Who’s Invited To The Ultimate Screening Of Phantasm
Posted by Matt on December 18th, 2009One movie. Five people, living or dead, at the screening. Who and why?
Today’s screening: “Phantasm”
Wonderfully creative, unapologetically strange and beautifully low budget, Don Coscarelli’s 1978 horror film “Phantasm” contemplates mortality and the odd pageantry of Western funereal practices through a consummate horror film villain: The Tall Man – a corpse-enslaving inter-dimensional being masquerading as an undertaker.
August Wilhelm von Hofmann (1818-1892), Chemist
One of the most influential organic chemists of all time, Hofmann created formaldehyde by passing methyl alcohol vapors over hot platinum. Perhaps the film doesn’t cast the embalming business in a strictly positive light, but I think Hofmann we’ll be able to enjoy it anyway. It helps that the last (film-related) time he was resurrected was to fact check “Flubber.”
Mary Roach, Author
“Stiff,” the first of Roach’s three works of humorous and informative scientific journalism, examines the varied fates of the human body after death, ranging from crash test dummies to objects of putrefaction experimentation. The book, however, does not cover transformation into undead alien chain gang dwarves. A purposeful, fear-inspired omission? My best guess is probably. I heard she left a famous art museum incident out of her ghost-themed book “Spook” after getting threatening calls from a certain Carpathian.
Will Green, Effects Artist
Green masterminded the construction of “Phantasm”’s famous flying sentinel sphere (in real life, a series of modeled spheres and partial spheres designed for different shots and angles), a head-seeking orb that latches onto a victim’s skulls, drills into his brains and pumps out his blood. In this case, the screening is just a pretense to get Green to help with my T-Bat© – a dual-purpose t-ball accessory that can be used as the tee or the bat. Legally, if I add a skull drill, I can advertise it as “multi-purpose.”

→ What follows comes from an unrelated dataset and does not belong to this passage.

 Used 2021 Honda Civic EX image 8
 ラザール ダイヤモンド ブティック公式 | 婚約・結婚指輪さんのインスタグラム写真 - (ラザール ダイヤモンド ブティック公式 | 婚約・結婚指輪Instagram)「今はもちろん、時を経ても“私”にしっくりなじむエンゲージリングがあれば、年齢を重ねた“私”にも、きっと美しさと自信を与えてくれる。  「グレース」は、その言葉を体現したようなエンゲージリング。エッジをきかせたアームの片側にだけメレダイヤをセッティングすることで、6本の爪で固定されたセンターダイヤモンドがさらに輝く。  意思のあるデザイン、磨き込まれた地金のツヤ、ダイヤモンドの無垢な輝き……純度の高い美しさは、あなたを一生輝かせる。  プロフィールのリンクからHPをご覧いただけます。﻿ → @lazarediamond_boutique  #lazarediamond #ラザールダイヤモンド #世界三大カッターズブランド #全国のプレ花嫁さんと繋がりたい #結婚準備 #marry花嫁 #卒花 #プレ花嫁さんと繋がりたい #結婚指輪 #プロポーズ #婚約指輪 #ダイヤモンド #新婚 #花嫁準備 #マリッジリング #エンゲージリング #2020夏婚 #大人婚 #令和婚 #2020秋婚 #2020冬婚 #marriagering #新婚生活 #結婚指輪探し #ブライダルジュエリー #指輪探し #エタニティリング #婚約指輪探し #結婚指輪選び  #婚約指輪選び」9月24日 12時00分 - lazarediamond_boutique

Albert Einstein (1879-1955), Genius
Einstein puzzled over some of the greatest scientific conundrums of the 20th century, including the plausibility of space travel and the nature of time. You know how the corpses in “Phantasm” are converted into dwarves in order to condense their mass, such that they can withstand the powerful gravity of the Tall Man’s dimension? I think it’d be fun to have an actual formula for calculating how much any given individual’s height would need to be condensed relative to their respective mass. Also, if he has time, I still don’t understand “Primer.”
Harry Burt (1875-1926), Confectioner
In 1921, when Ohio dessert maven Harry Burt began coating ice cream in fudge and impaling the result on a wooden stick, the Good Humor Bar was invented. Burt also outfitted manned distribution vehicles with small freezers to create the first ice cream trucks. Reggie in “Phantasm” drives an ice cream truck. Burt would be happy to see the enduring cultural impact blah blah whatever. I just want some free ice cream, okay?